Approche historique et prospective

Des efforts ont été entrepris depuis la fin du XXème siècle pour améliorer la qualité des eaux, en particulier son oxygénation, et réaliser des aménagements facilitant la circulation des espèces, comme les échelles à poissons. Plus récemment, les voies navigables de France (VNF), mettent en place progressivement des ouvrages de franchissement: les passes à poissons au niveau des barrages de navigation. Une analyse historique depuis 1750 permettra d’établir comment la mise en place des ouvrages transversaux, leurs modifications au cours du temps, l’artificialisation des berges et la qualité de l’eau ont pu avoir un effet sur le franchissement par différentes espèces de poissons.
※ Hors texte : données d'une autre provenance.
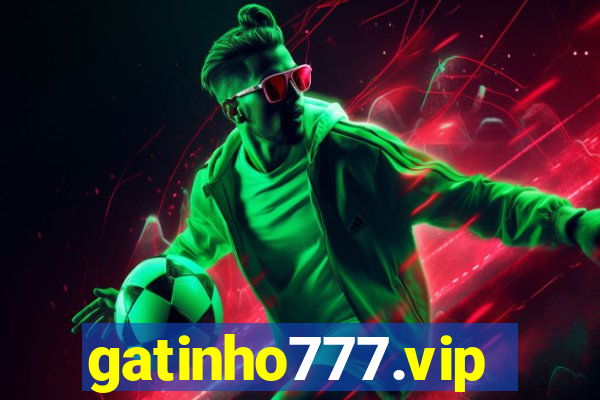 gatinho777.vip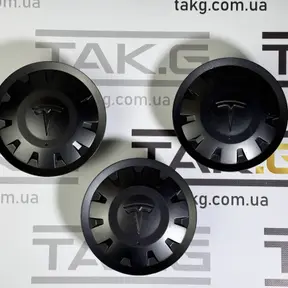 1188236-00-A: Заглушка колесного диска R20 Uberturbine - Фото 1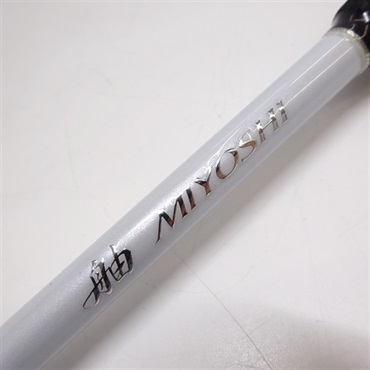 ２２ミヨシ４０－３００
De même, l’étude considérera l’impact de scénarios climatiques sur la continuité écologique future. Les effets attendus de l’hydrologie, de la température et de l’oxygène sur les potentialités de recolonisation de la Seine par différents poissons pourraient permettre d’identifier les choix de restauration efficaces sur le long terme.
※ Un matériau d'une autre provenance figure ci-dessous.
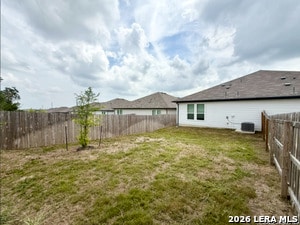 Building Photo - 339 Nespral Dr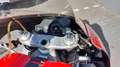 Honda RS 250 NX5 Blanc - thumbnail 8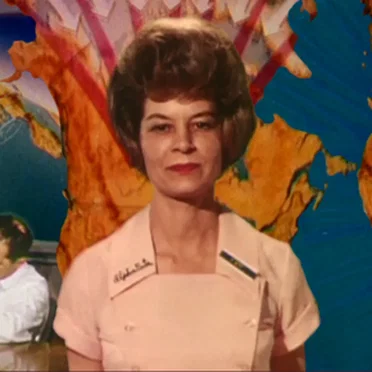 A Happy Mess: DO or DIY Premium 2004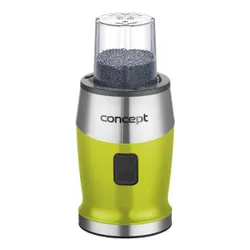 Blender kielichowy CONCEPT SM-3393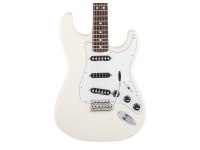 Fender Ritchie Blackmore Stratocaster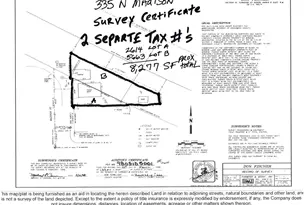 335 N Madison St, Monroe, WA 98272 - Photo 24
Enjeux de communication auprès des différents acteurs

La mise en œuvre de la restauration de la continuité écologique se confronte parfois sur le terrain à des oppositions. Les travaux de restauration de la continuité écologique peuvent aussi être envisagés comme une opportunité pour s’interroger sur le devenir de la rivière et la manière de répondre aux multiples enjeux que sa gestion pose. Pour cela, le projet propose de s’intéresser à la manière dont sont accompagnées les opérations de restauration de la continuité écologique sur la Seine et plusieurs de ses affluents. Il est proposé de dresser un inventaire des démarches innovantes déjà engagées sur l’axe Seine et sur les affluents qui favorisent la mise en place d’un dialogue et la construction de projets de restauration s’articulant avec les autres enjeux de territoire. Le rôle des opérations de communication, sensibilisation et concertation sera étudié sur plusieurs tronçons. Il s’agit de voir comment la restauration de la continuité écologique peut être conciliée avec les attentes des différents acteurs.

 

Zoom sur les poissons migrateurs

Historiquement, la Seine était un axe fluvial majeur pour les espèces migratrices colonisant le bassin versant, elles étaient pêchées dans l’estuaire avec des tonnages importants. Depuis la fin du XIXème siècle, l’extinction de la majeure partie des populations de poissons migrateurs s’est accélérée jusqu’aux années 1990 (lamproie marine, saumon atlantique, éperlan…) en lien avec les obstacles à la migration, la dégradation de la qualité de l’eau et la surexploitation.
En particulier, le déclin des populations de saumon au cours du XIXème siècle, amorcé avec la mise en place des barrages et réservoirs dans la partie amont du bassin pour le flottage du bois, est aussi le résultat du remplacement des barrages à pertuis par les barrages-écluses infranchissables. Ainsi, plus de 1 400 km de rivières sont totalement inaccessibles aux poissons migrateurs et près de 780 km le sont partiellement du fait des nombreux ouvrages infranchissables. Les suivis opérés à la passe à poissons du premier barrage depuis la mer (Poses) et sur les affluents estuariens indiquent la présence de divers migrateurs dont quelques centaines de saumons, des truites de mer, des lamproies marines, des aloses et des anguilles.

Des saumons juvéniles ont été capturés à partir de 2009 sur l’Andelle, un affluent de la Seine : une preuve attendue par les biologistes (article La Croix). Des salmonidés et des Aloses remontent sur l’Oise et l’Aisne en 2017.